From: Honglei Huang <[email protected]>
V5 of the SVM patch series for amdgpu based on the drm_gpusvm framework.
This revision addresses meeting feedback: keep attributes when unmap,
integrate the amdgpu svm into amdgpu vm structure, drop GPU_ALWAYS_MAPPED,
add RESET_ATTR operation, add lock wrappers.
This patch series implements SVM support with the following design:
1. Attributes separated from physical page management:
- Attribute layer (amdgpu_svm_attr_tree): a driver-side interval
tree storing per-range SVM attributes. Managed through SET_ATTR
ioctl and preserved across range lifecycle events.

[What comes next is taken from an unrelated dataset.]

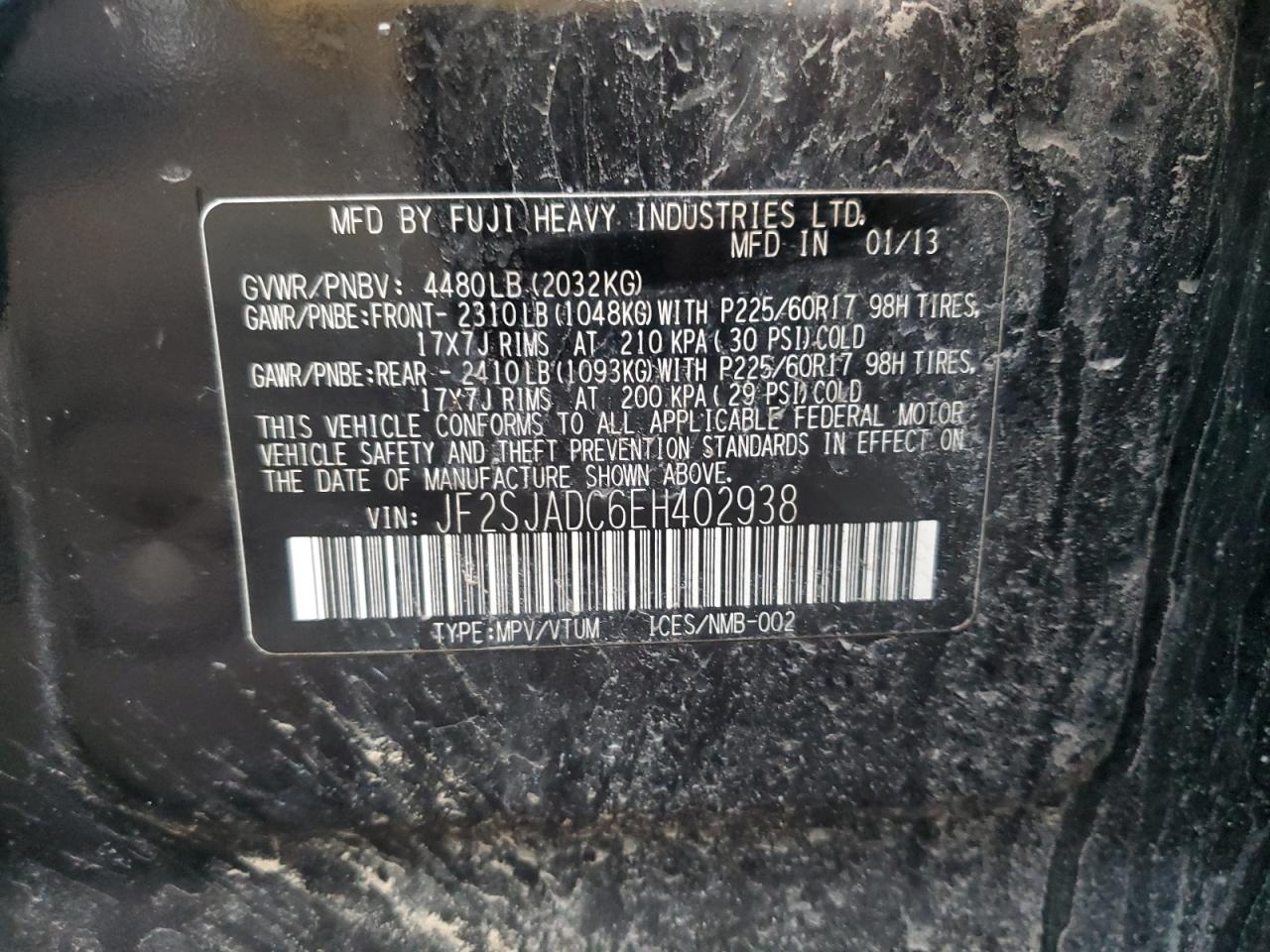 JF2SJADC6EH402938 2014 Subaru Forester 2.5I Premium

- Physical page layer (drm_gpusvm ranges): managed by the
drm_gpusvm framework, representing HMM-backed DMA mappings
and GPU page table entries.
2. GPU fault driven mapping (XNACK on):
The core mapping path is driven by GPU page faults instead of ioctls.

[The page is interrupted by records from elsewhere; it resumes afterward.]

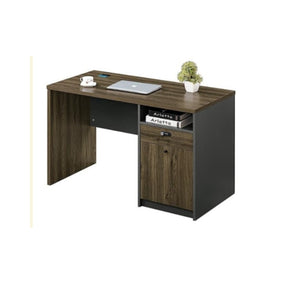 Ginger Office Table with Open Shelf, Drawer & Lock, 120cm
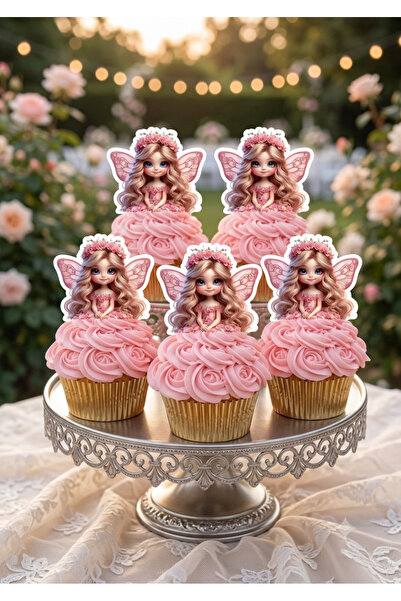 GÖKÇEM ART CLUB 12 adet prenses temalı Cupcake kürdan süs cupcake topper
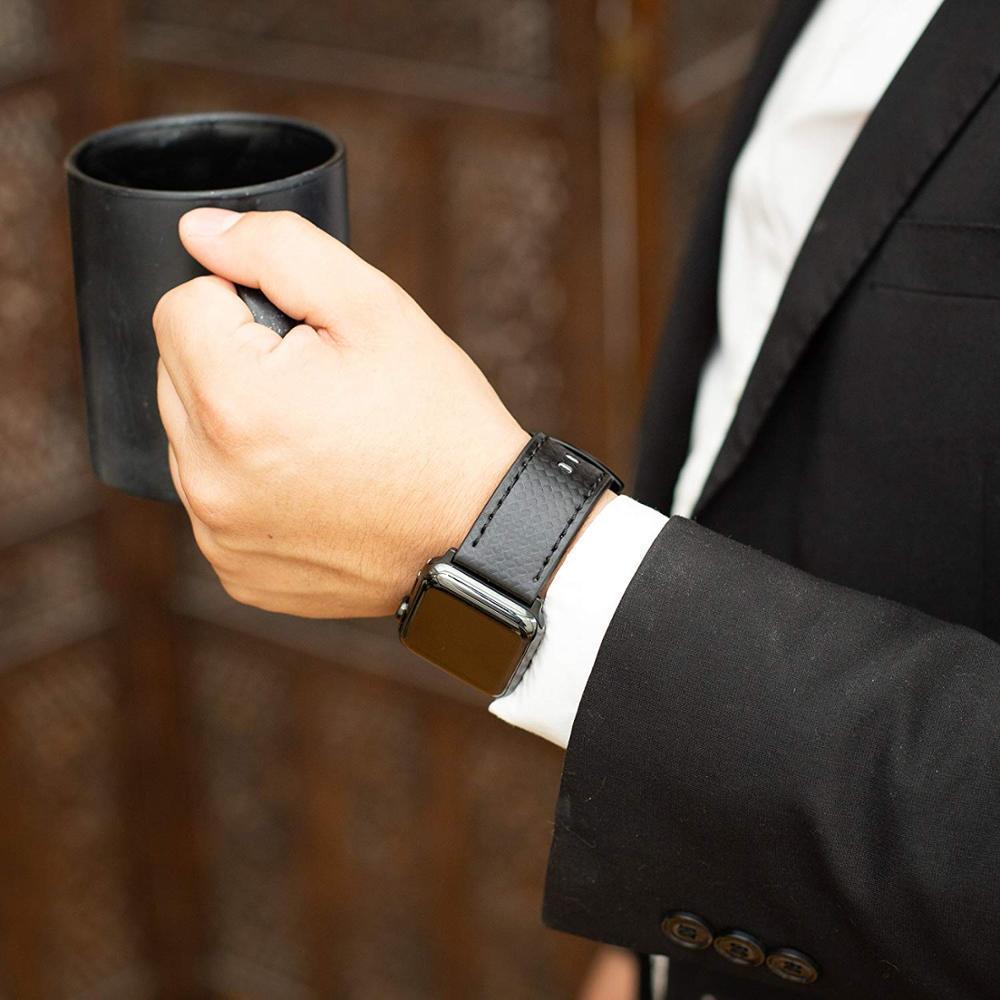 Mens Luxury Designers Black Apple Watch Band Carbon Leather 7 6 – www.Nuroco.com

amdgpu_svm_handle_fault() looks up SVM by PASID, runs GC,
resolves attributes, then maps via find_or_insert -> get_pages
-> GPU PTE update. For unregistered addresses, default
attributes are derived from VMA properties automatically.
3. MMU notifier invalidation:
Two-phase callback: event_begin() zaps GPU PTEs and flushes
TLB, event_end() unmaps DMA pages. UNMAP events queue ranges
to GC for deferred cleanup. Non-UNMAP events (eviction) rely
on GPU fault to remap.
4. Garbage collector:
GC workqueue processes unmapped ranges: removes them
from drm_gpusvm. Attributes are preserved across unmap
and persist until explicitly reset by userspace via
RESET_ATTR. No rebuild or restore logic, GPU fault
handles recreation.
Changes since V4:
- Preserve attributes when unmap, GC only removes GPU ranges.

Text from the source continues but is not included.